In theory at least, if the song is any good, the listener would read the credits and go buy the cd of this awesome band. I've been doing that since I could afford the Bill and Ted's Excellent Adventure vinyl. I've no idea how many hundreds of CD's I've bought since, after hearing a song in a movie/tv show.

Of course by the same argument CD sales shouldn't matter anyway and good bands should be able to live off of good concert attendence. And theories don't put kerosene in the LearJet so that's just my opinion.

Quote:
Originally Posted by Benjamin Hill
But if the protections weren't in place, any old filmmaker, talented and well-meaning or not, could use Mudhoney's music, as much as they want, and dilute the music with their own "art"!
I think similar happens on Youtube everyday. How many thousands of videos on YT have a song in the background?
There are two differences between us and the youtube crowd. We are honoring copyright law and they are not. We are talking on a message board and they are making videos.

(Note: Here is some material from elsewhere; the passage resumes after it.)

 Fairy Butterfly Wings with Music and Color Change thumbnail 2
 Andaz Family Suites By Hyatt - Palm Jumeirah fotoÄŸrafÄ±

I had a huge diatribe on this but I am siding with the wrong side of the law, and it's silly to justify it. Stealing music in the name of great video is as legally justifiable as getting pulled over for speeding and going "But I'm an artist who is late for a shoot". I do hope someone evaluating my work can appreciate my editting/shooting/storytelling skills over my ability to pay huge fees to faceless companies, but I'll burn that bridge when I get there.

When I made my first big video last year, I preceeded it with an "illegal disclaimer" regarding the soundtrack. It'll get a light update with points from these discussions, and be affixed to my home videos/demos that use music. Those viewers interested in movies and those interested in litigation can then view as they feel fit.

Stealing canvas might make someone a criminal but they are no less of a painter. Painting in jail might be rough, but noone changes the world with their hands in their pockets.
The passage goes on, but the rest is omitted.